Que représente pour vous l'exercice du pouvoir?

Pendant les huit années passées aux côtés de l'ancien Président Lula, alors que j'étais chef de son cabinet, j'ai énormément appris. J'ai appris, par exemple, qu'il existe, dans la société brésilienne, une distinction très forte entre le gouvernement et le pouvoir. J'avais déjà cette perception, mais vivre chaque jour avec le président de la République m'a conforté en ce sens. Faire partie du gouvernement, c'est en réalité très différent que de participer aux hautes sphères du pouvoir. Dans un pays comme le Brésil, où il existe de profondes inégalités, le pouvoir réel se concentre encore largement dans les mains de l'élite économique, au sein du capital financier, des grandes sociétés et des grands propriétaires terriens.
Faire partie du gouvernement signifie un mélange d'angoisse et d'anxiété face aux difficultés rencontrées pour mettre en œuvre les projets que nous portons, mais également beaucoup de bonheur de voir les choses changer, en particulier au bénéfice des plus démunis. Mais nous devons toujours garder à l'esprit qu'un gouvernement n'est que transitoire, il a une fin. Nous avons à vivre avec cette limite et les contingences de chaque situation tout en n'abandonnant jamais notre idéal, ni la perspective d'une transformation plus large de la société, pour laquelle nous continuerons à nous battre, à la fin du gouvernement, où que nous soyons.

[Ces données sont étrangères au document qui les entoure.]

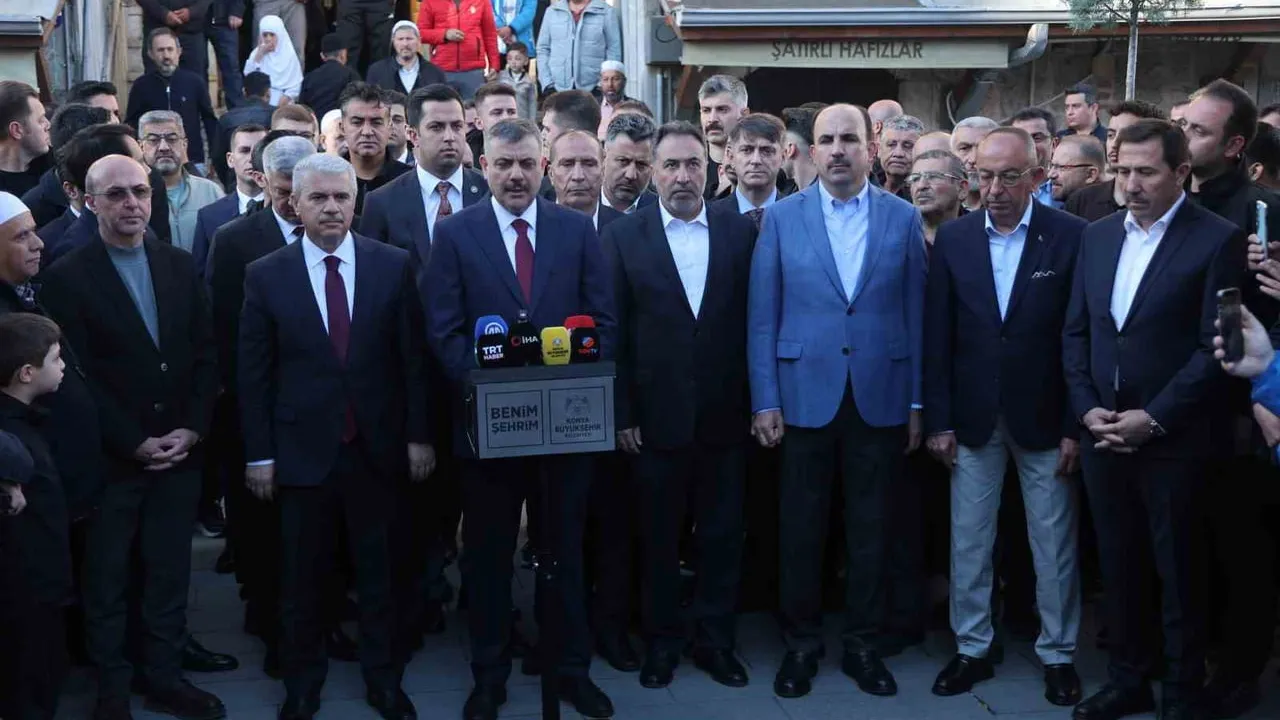 İçişleri Bakanı Mustafa Çiftçi bayram namazını memleketi Konya'da kıldı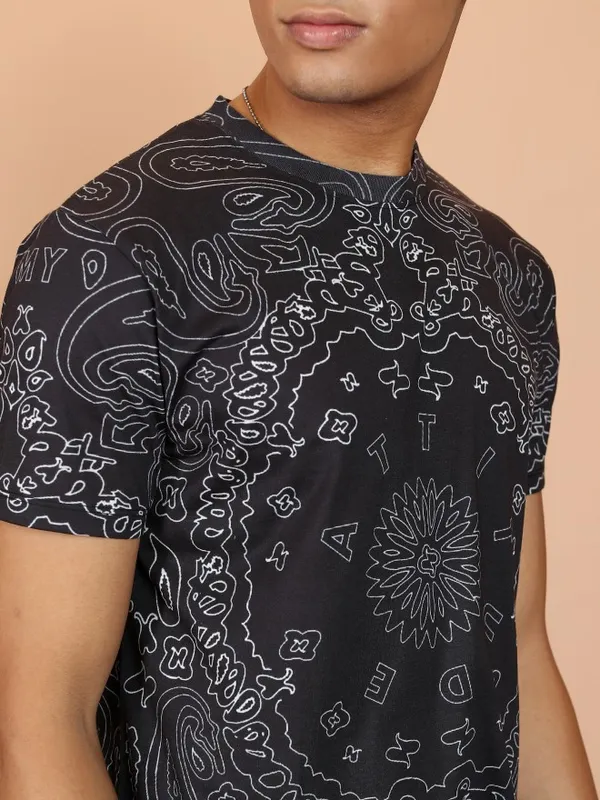  Highlander Men Black Printed Round Neck T-Shirts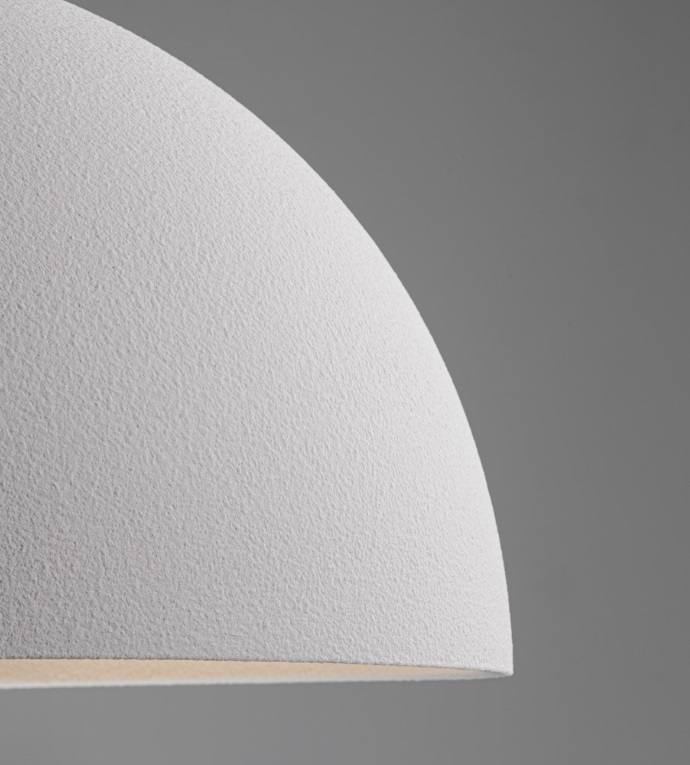 Biała lampa wisząca Cluora nad stół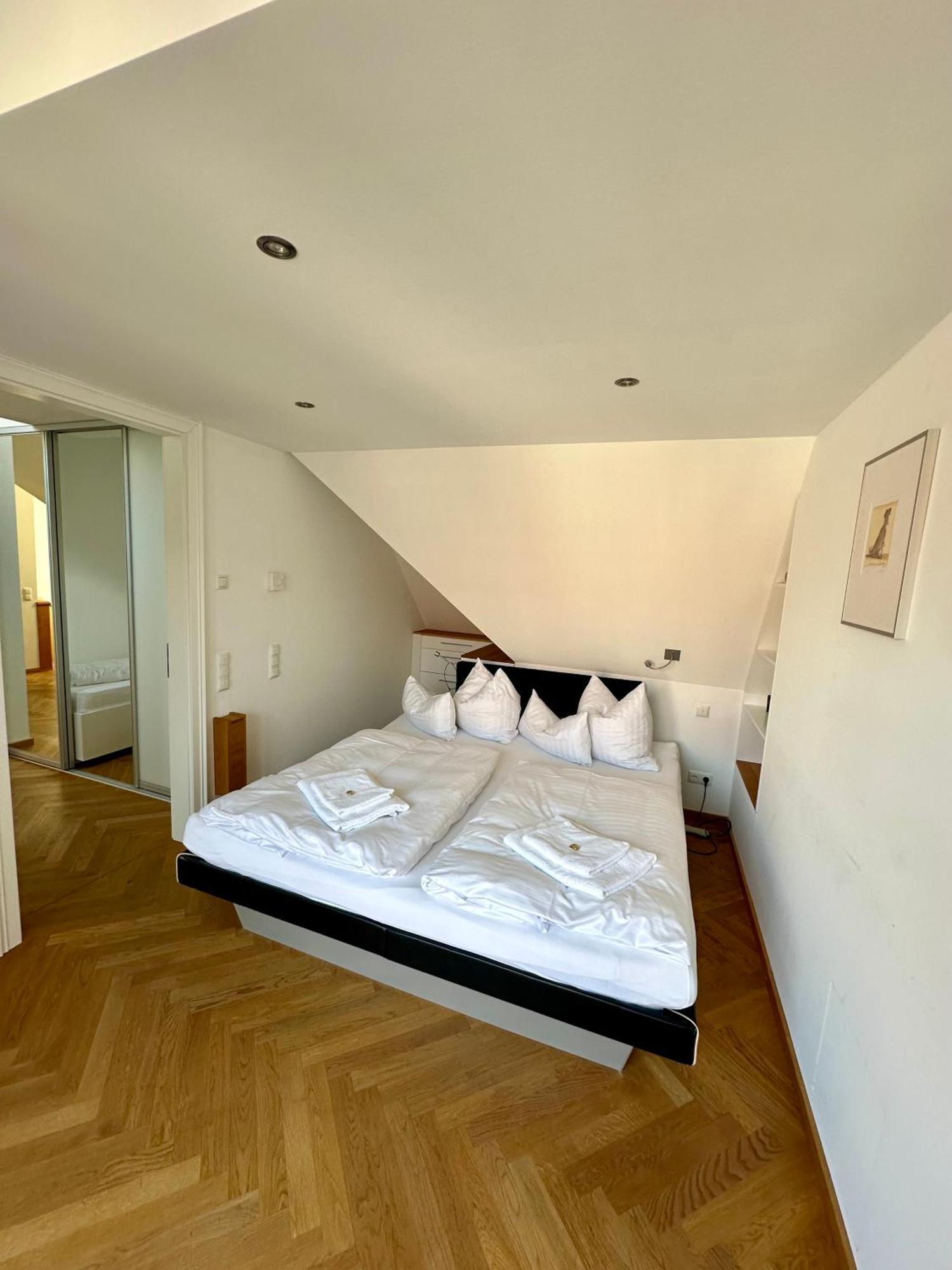 Luxus Suite Mit Einmaligem Blick Auf Die Frauenkirche Dresden Buitenkant foto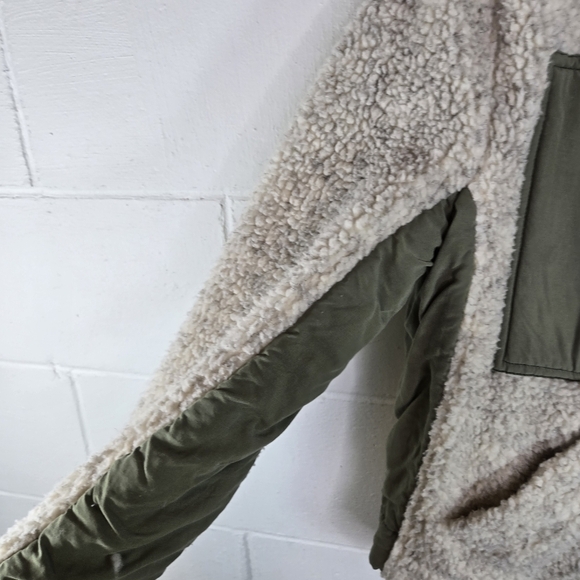 We The Free People rivington sherpa khaki zip jacket - Picture 11 of 12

Quelle vision avez-vous de la politique brésilienne d'aujourd'hui?
J'ai commencé mon activité politique alors que le Brésil vivait sous la dictature militaire. Depuis cette époque, la culture politique du pays a énormément changé, elle a conduit à l'émergence des mouvements sociaux et à la naissance du Parti des travailleurs, des syndicats et des organisations de travailleurs ruraux. La démocratisation du pays a connu des moments très importants, comme la lutte pour l'élection directe du président de la République et les actions des mouvements sociaux pour influencer la rédaction de la nouvelle constitution, promulguée en 1988. Mais la construction de notre démocratie n'est pas terminée et doit continuer à être étendue et approfondie.

L'élection du Président Lula, en 2002, a eu une signification symbolique particulière dans ce processus, dans le sens de la participation, des changements de priorités et de l'extension de la citoyenneté, en intégrant de nouveaux droits et des enjeux de société qui étaient invisibles ou marginalisés dans la vie politique. Mais il reste des problèmes graves tels que la corruption endémique et le clientélisme, nous devons y faire face au jour le jour parce qu'ils sont enracinés depuis longtemps dans notre culture politique. Il est donc important de rechercher une participation sociale croissante, c'est un outil très efficace pour changer cette culture, avec d'autres facteurs essentiels tels que la démocratisation des médias et l'éducation à la citoyenneté.

Du point de vue de la démocratisation économique, le gouvernement de Lula a permis de réduire la pauvreté et les inégalités, avec le renforcement des politiques de redistribution et avec la lutte contre l'exclusion sociale, d'une manière sans précédent dans le pays. Le résultat le plus visible de cette politique a été que 28 millions de Brésiliens ont quitté le seuil de pauvreté extrême et 36 millions ont été inclus dans la nouvelle classe moyenne. Ces politiques ont élargi considérablement le marché de la consommation intérieure. Cela a permis au Brésil d'être en situation favorable pour résoudre la crise financière internationale en provenance des États-Unis en 2008. Cependant, les inégalités sociales demeurent un sérieux problème au Brésil. Ainsi, la Présidente a récemment lancé le programme Brésil sans misère, afin d'inclure définitivement les 16 millions de Brésiliens qui sont encore en dessous du seuil de pauvreté. Il est également important de noter le début de la deuxième phase du programme Minha Casa, Minha Vida (Ma maison, Ma vie), qui va assurer un logement adéquat pour les personnes les plus pauvres.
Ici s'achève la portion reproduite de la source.